* _Input records_:

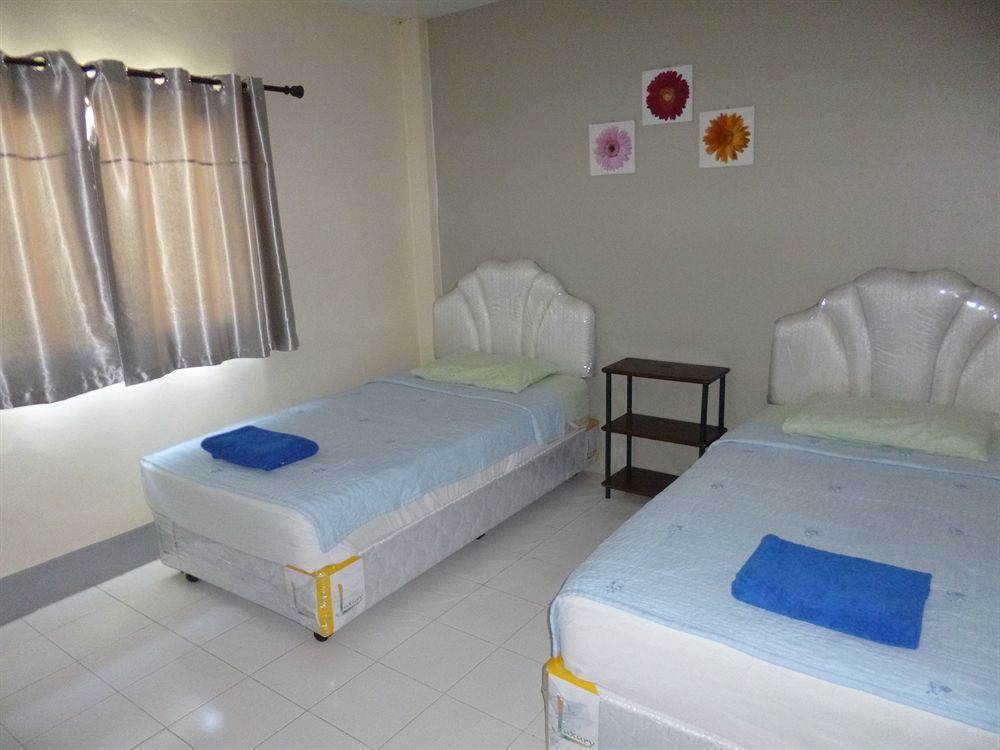 Pineapple Guesthouse Karon Екстериор снимка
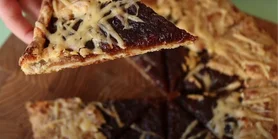 З пакета цибулі: рецепт цибулевого тарта, який закохує з першого шматочка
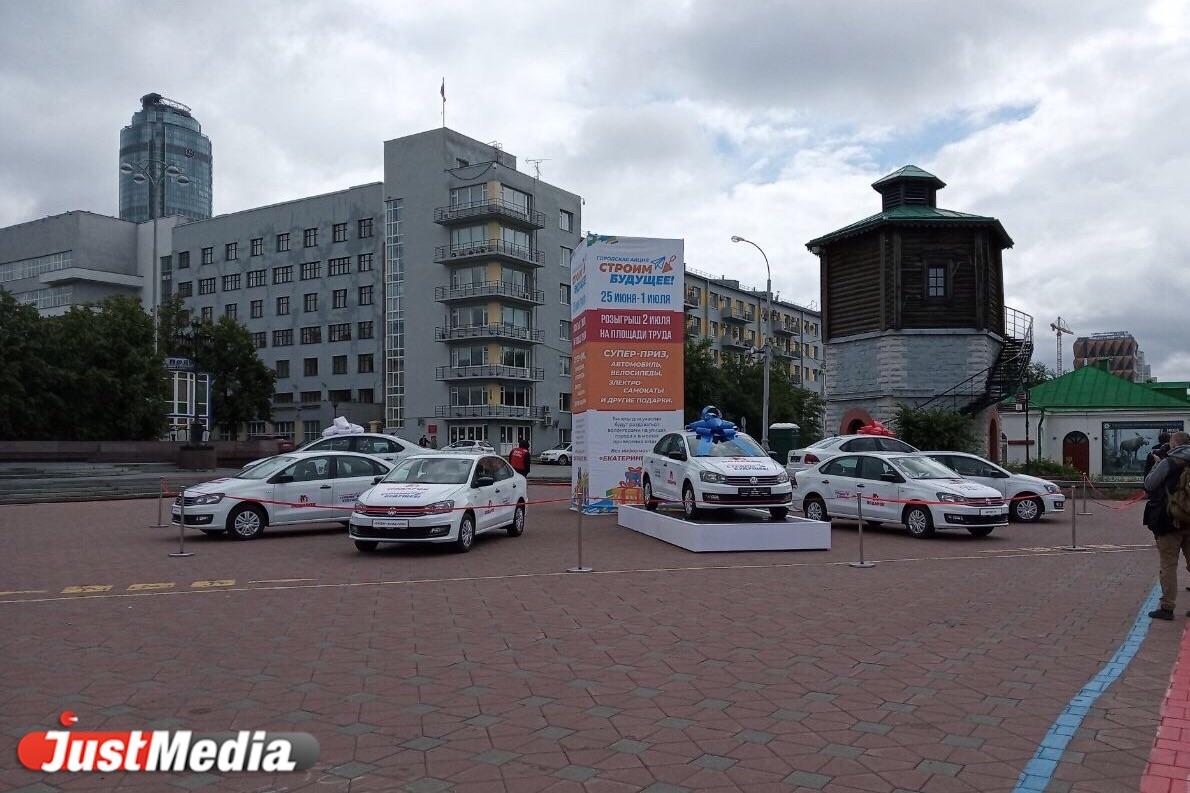 Александр Высокинский пояснил, как будут разыгрывать 7 машин и квартиру среди участников голосования по Конституции - Фото 1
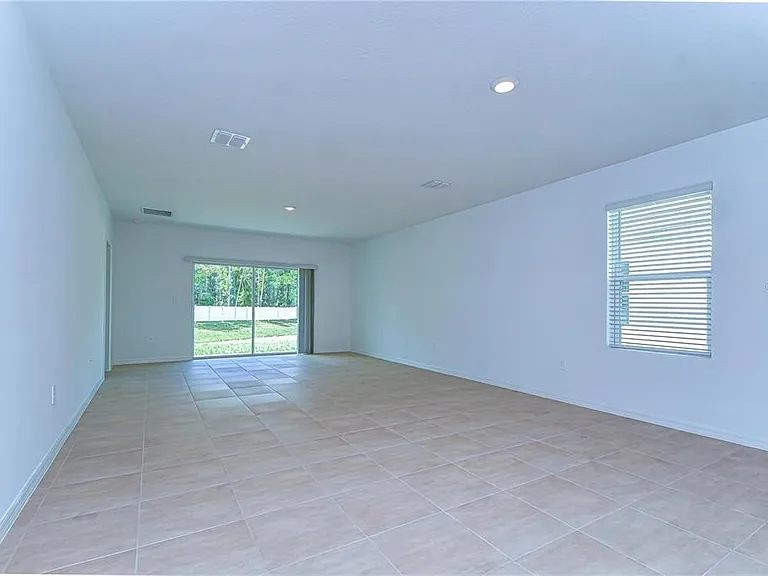 13341 Tropical Breeze Way — Photo 4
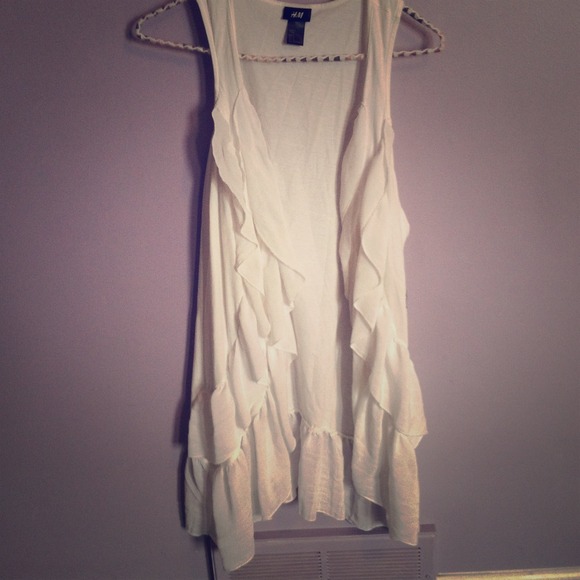 White flowy carigan!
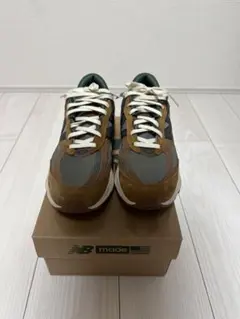 New Balance Carhartt WIP 990v6のサムネイル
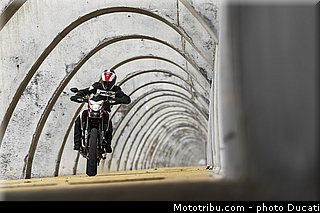 0027_ducati_2013_hypermotard_action_027.jpg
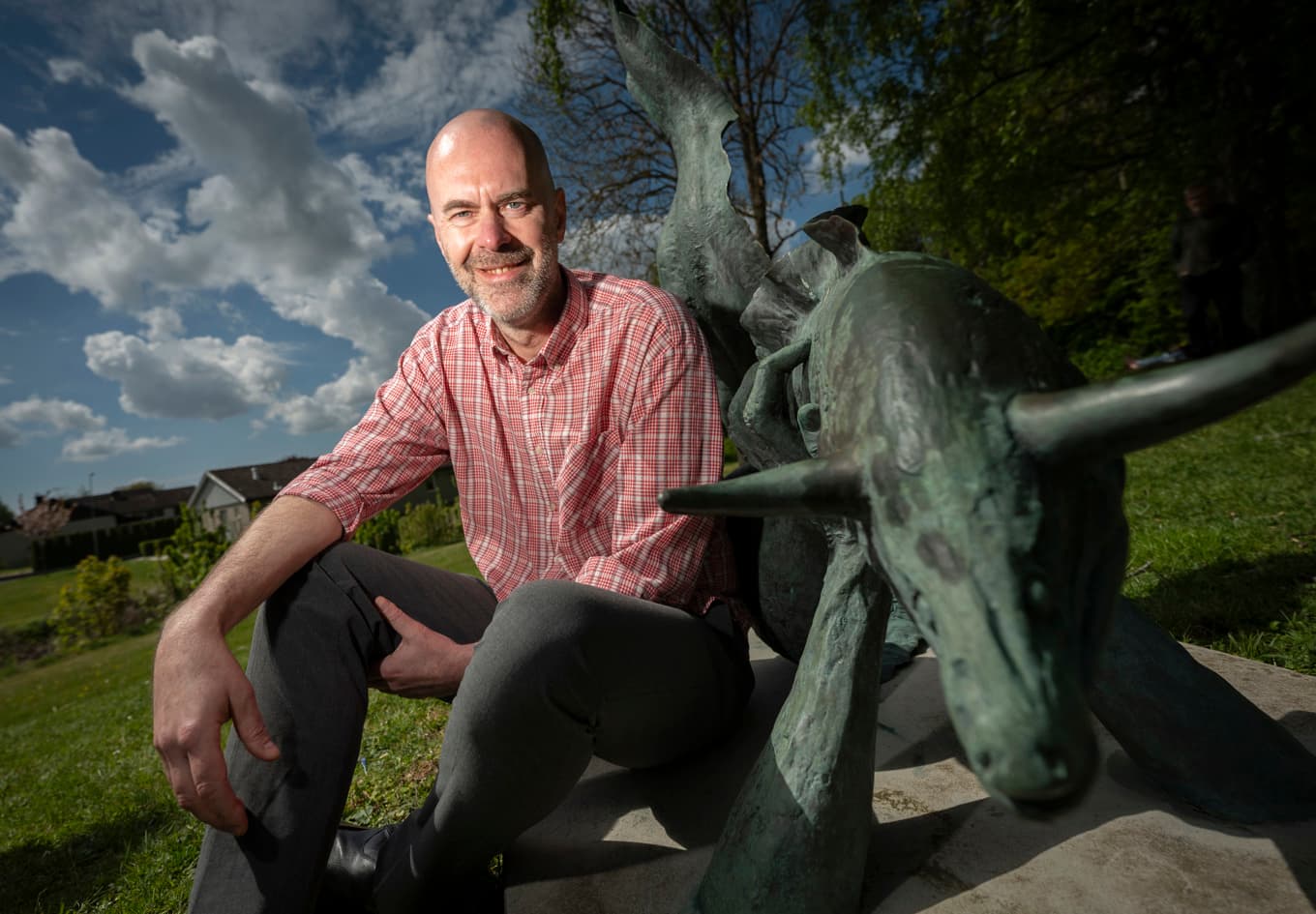 Författaren Patrik Svensson tillsammans med en staty av Piratens hornål. Foto: Johan Nilsson / TT
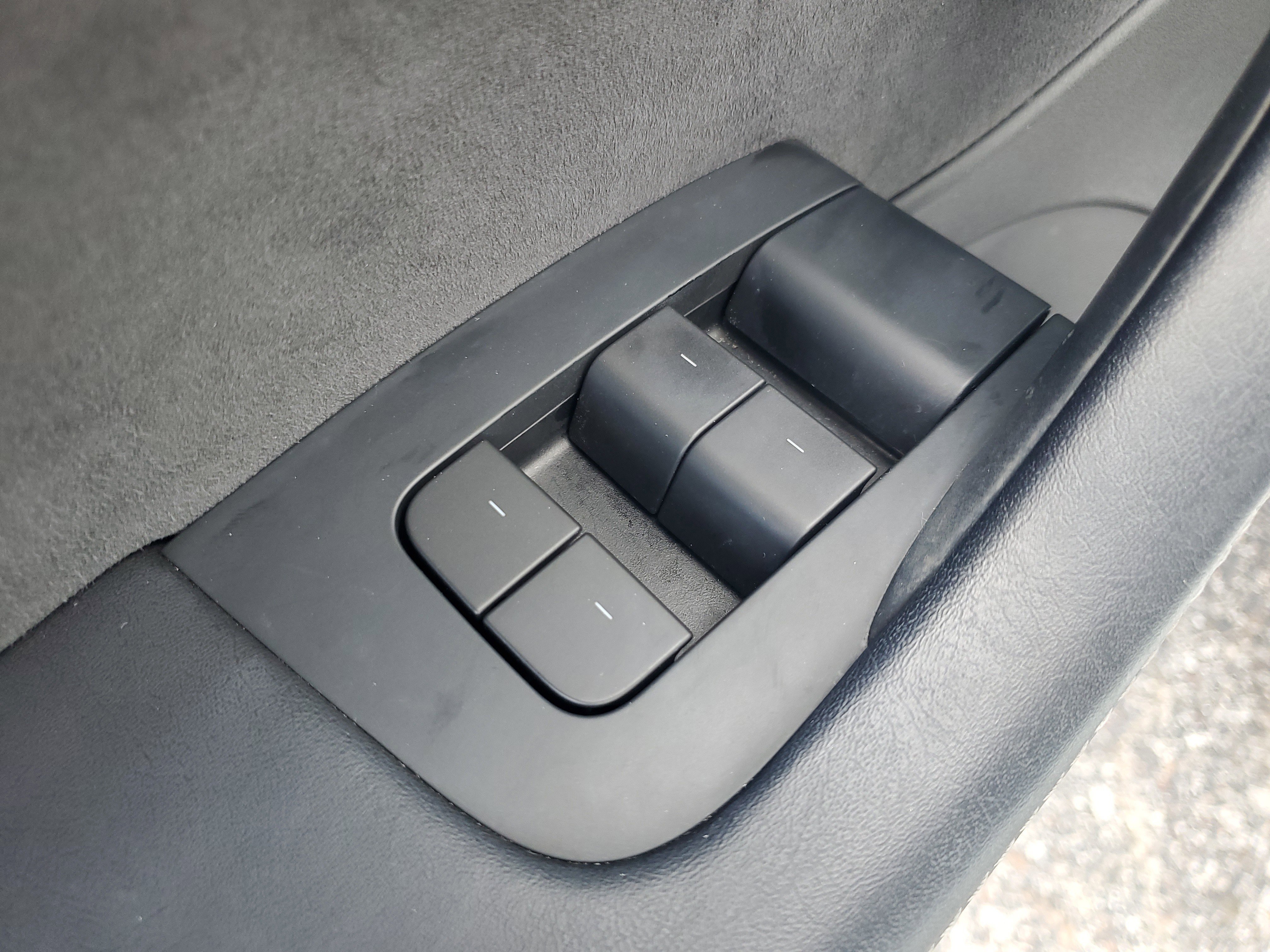 Used 2023 Tesla Model 3 Standard Range image 11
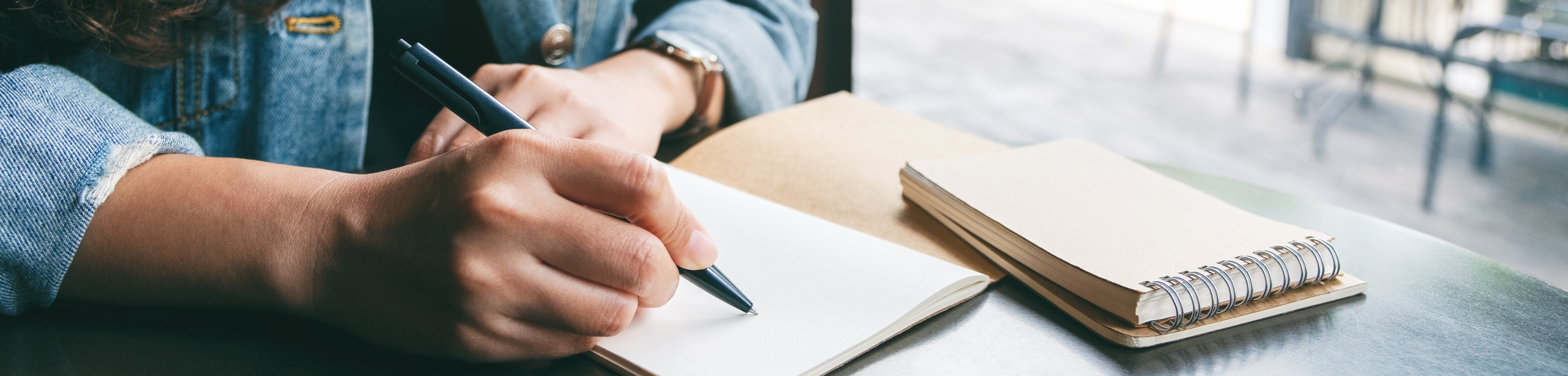 Vrouw die een brief aan het schrijven is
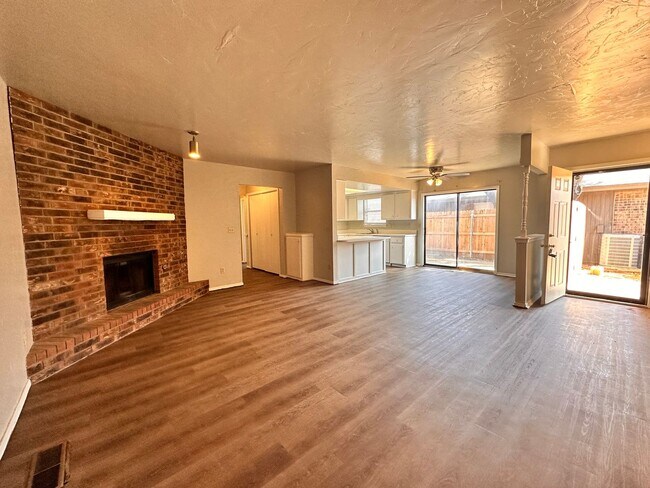 Building Photo - 2 Bedroom, 2 Bathroom Unit in Quiet Cul-de...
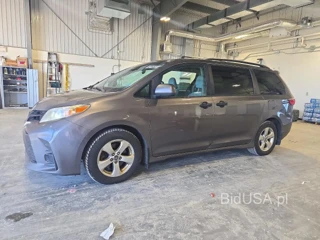 TOYOTA SIENNA L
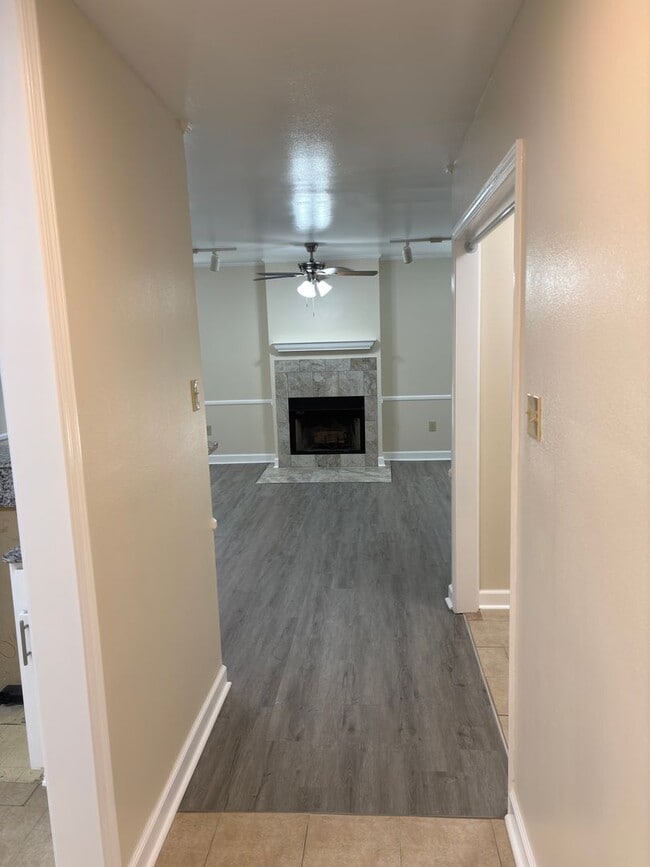 Building Photo - 8144 Jefferson Park Dr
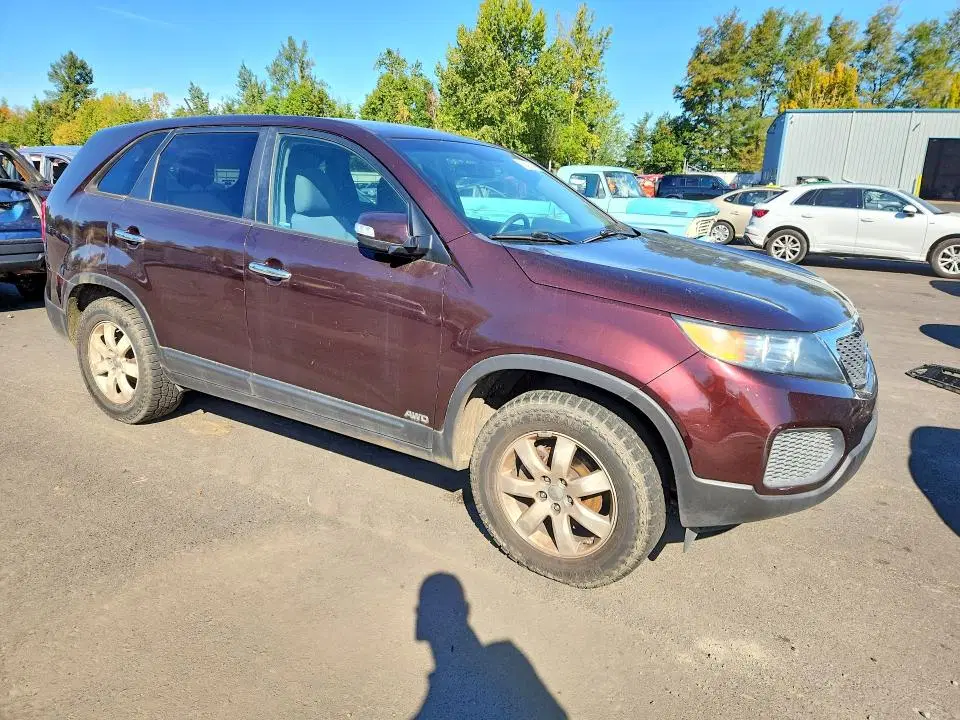 2013 KIA SORENTO VIN 5XYKTDA65DG339590 фото 4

* _Your objective_: Reproduce the lines from the one with "Used 2023 Tesla" through the end of the data, keeping both end lines, adding nothing, and dropping any pictures.

* _Answer box_:
 Used 2023 Tesla Model 3 Standard Range image 11
 Vrouw die een brief aan het schrijven is
 Building Photo - 2 Bedroom, 2 Bathroom Unit in Quiet Cul-de...
 TOYOTA SIENNA L
 Building Photo - 8144 Jefferson Park Dr
 2013 KIA SORENTO VIN 5XYKTDA65DG339590 фото 4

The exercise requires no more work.